ECLI:NL:HR:2002:AD9333
Hoge Raad
- Cassatie
- C.H.M. Jansen
- J.B. Fleers
- P.C. Kop
- A. Hammerstein
- Rechtspraak.nl
Cassatie over vordering tot betaling van hoofdsom en kosten in het kader van een geschil tussen twee bedrijven
In deze zaak heeft KAV Autoverhuur B.V. (hierna: KAV) op 28 augustus 1997 Sabra Exotics B.V. (hierna: Sabra) en een derde partij gedagvaard voor de Rechtbank te Amsterdam. KAV vorderde hoofdelijke veroordeling van Sabra en de derde partij tot betaling van een hoofdsom van ƒ 16.404,99, vermeerderd met rente en buitengerechtelijke incassokosten. Sabra en de derde partij hebben de vorderingen bestreden. De Rechtbank heeft bij tussenvonnis van 3 februari 1999 Sabra en de derde partij toegelaten tot bewijslevering, maar heeft verdere beslissingen aangehouden.
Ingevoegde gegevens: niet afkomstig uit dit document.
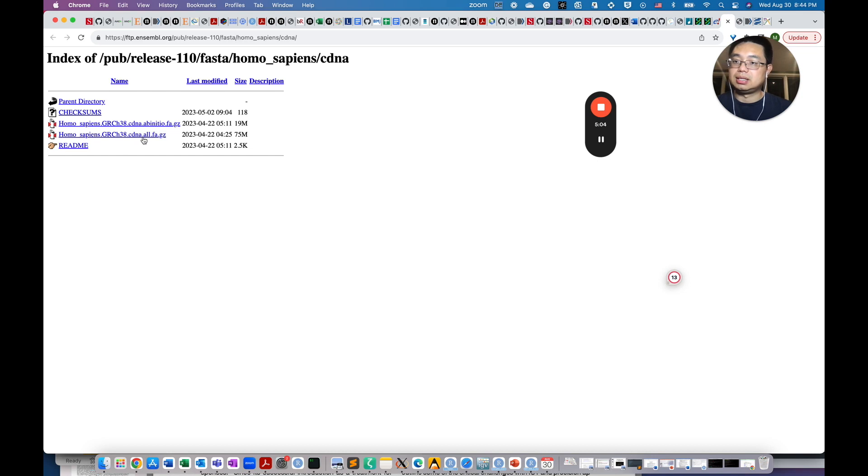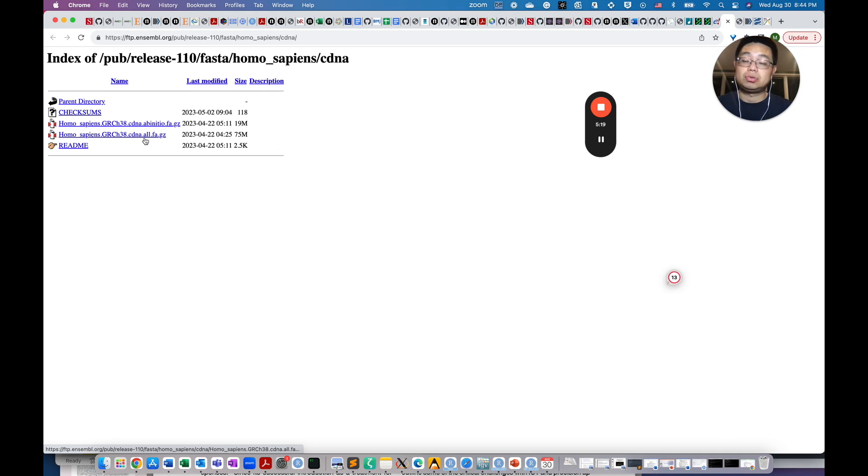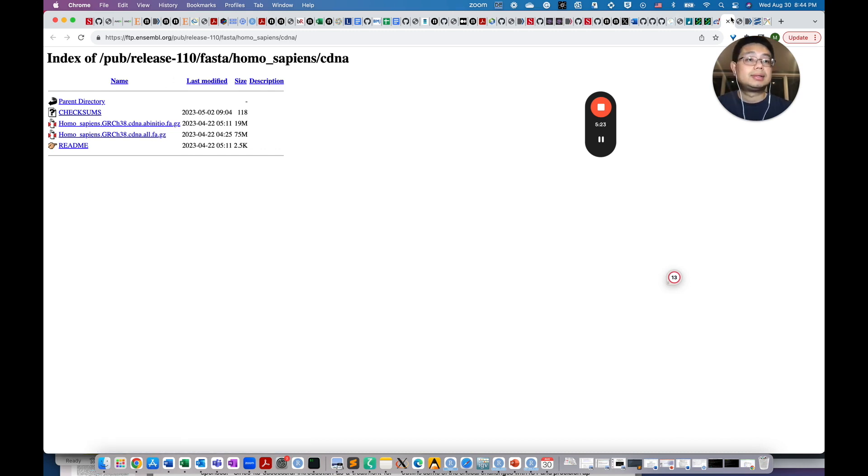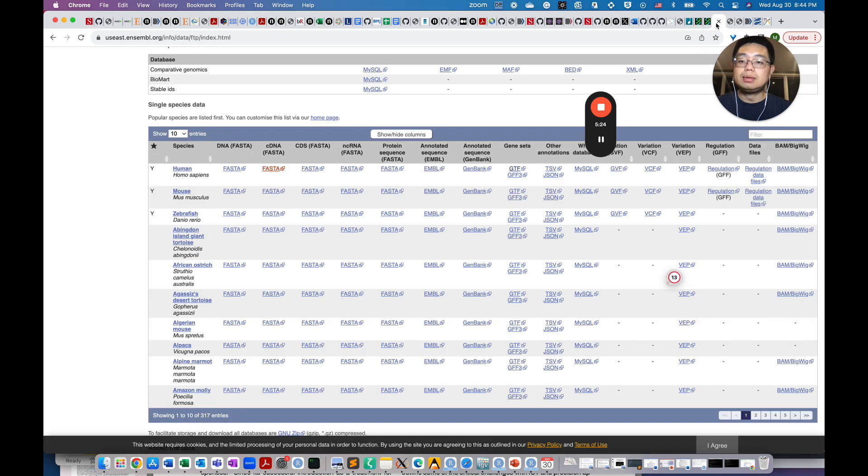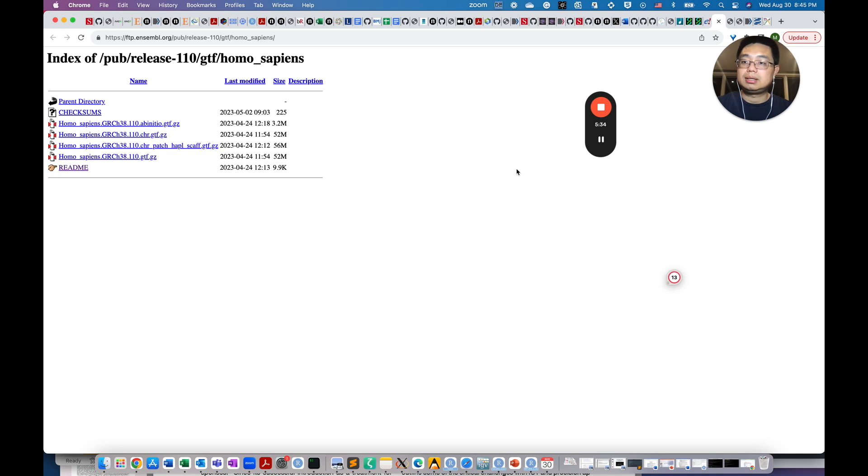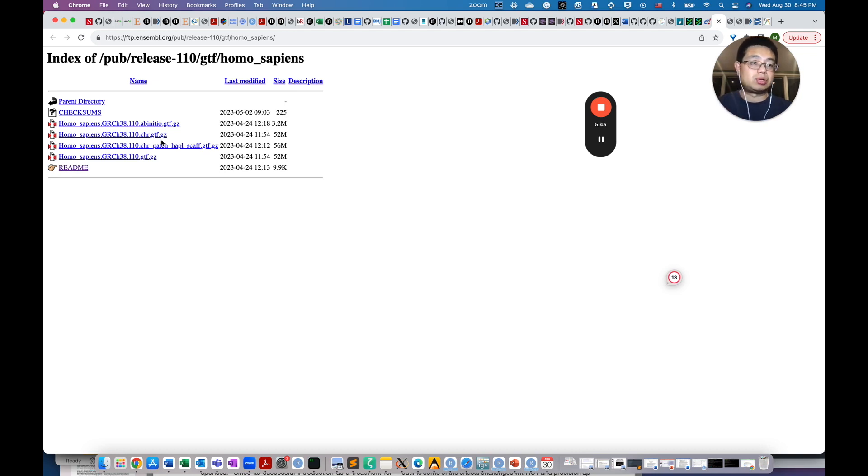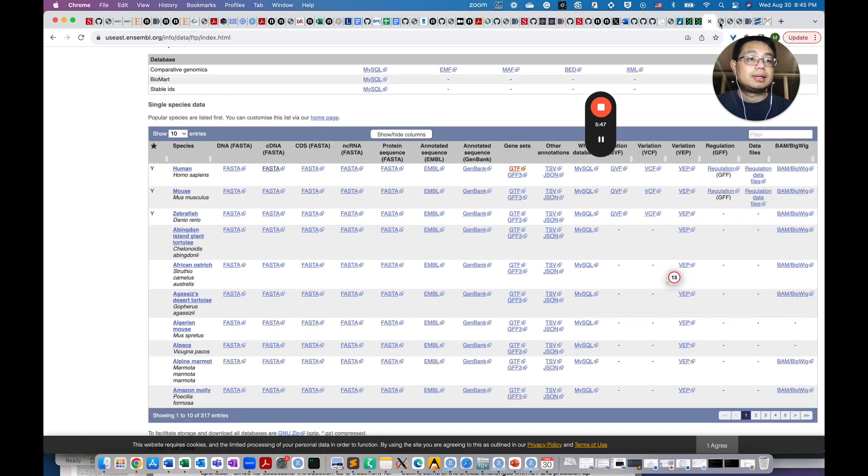You'll see the cDNA.all.fa.gz file. This is the file that you need to make an index, for example, for RNA sequencing quantification tools such as Salmon and Kallisto. And you see here, you also have the GTF files here. So if you click here, so you see those are the GTF files, essentially the gene annotation file telling you where are the genes and where are the transcripts or the isoforms.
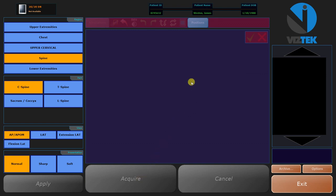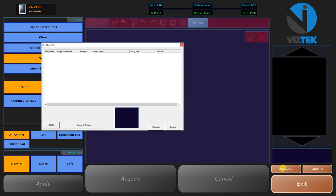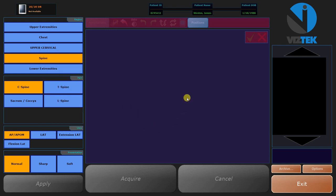Now, if you ever run into an issue with an x-ray not showing up underneath a patient, you can come back in to the acquisition side. Select Archive. And this will have the names of the patients and all the x-rays that you've taken. You would just select the x-ray and select Recover, and then it would load it in here like you had just shot it.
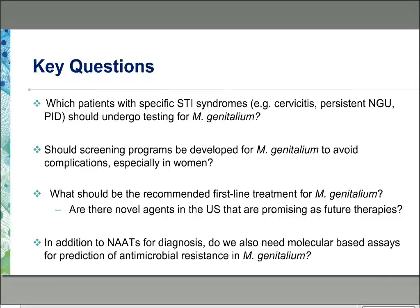In summary, key questions remain: additional research is needed regarding which patients with specific STI syndromes should undergo MGEN testing — including women with cervicitis, persistent NGU, and women with PID. Should screening programs be developed for MGEN to avoid complications, especially in women? What should be the recommended first-line treatment? Are there novel agents in the U.S. that are promising? And do we need molecular-based assays for prediction of antimicrobial resistance in MGEN, in addition to NAATs for diagnosis?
Sabra heeft hoger beroep ingesteld bij het Gerechtshof te Amsterdam, dat op 30 maart 2000 het vonnis van de Rechtbank heeft bekrachtigd. Hierna heeft Sabra cassatie ingesteld tegen het arrest van het Hof. KAV is niet verschenen in de cassatieprocedure, waarop verstek is verleend. De zaak is door de advocaat van Sabra toegelicht. De Plaatsvervangend Procureur-Generaal heeft geconcludeerd tot verwerping van het beroep in cassatie, met veroordeling van Sabra in de kosten. De Hoge Raad heeft het beroep verworpen en Sabra in de kosten van het geding in cassatie veroordeeld, begroot op nihil aan de zijde van KAV.